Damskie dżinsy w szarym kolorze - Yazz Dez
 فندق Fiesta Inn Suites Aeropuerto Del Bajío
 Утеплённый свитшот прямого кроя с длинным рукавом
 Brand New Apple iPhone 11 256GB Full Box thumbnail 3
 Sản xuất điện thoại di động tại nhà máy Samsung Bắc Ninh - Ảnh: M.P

◇ ◇ ◇ ◇

■ About this exercise ■
Retype the listing in full, keeping every word as it appears.

■ Answer for this exercise ■
Damskie dżinsy w szarym kolorze - Yazz Dez
 فندق Fiesta Inn Suites Aeropuerto Del Bajío
 Утеплённый свитшот прямого кроя с длинным рукавом
 Brand New Apple iPhone 11 256GB Full Box thumbnail 3
 Sản xuất điện thoại di động tại nhà máy Samsung Bắc Ninh - Ảnh: M.P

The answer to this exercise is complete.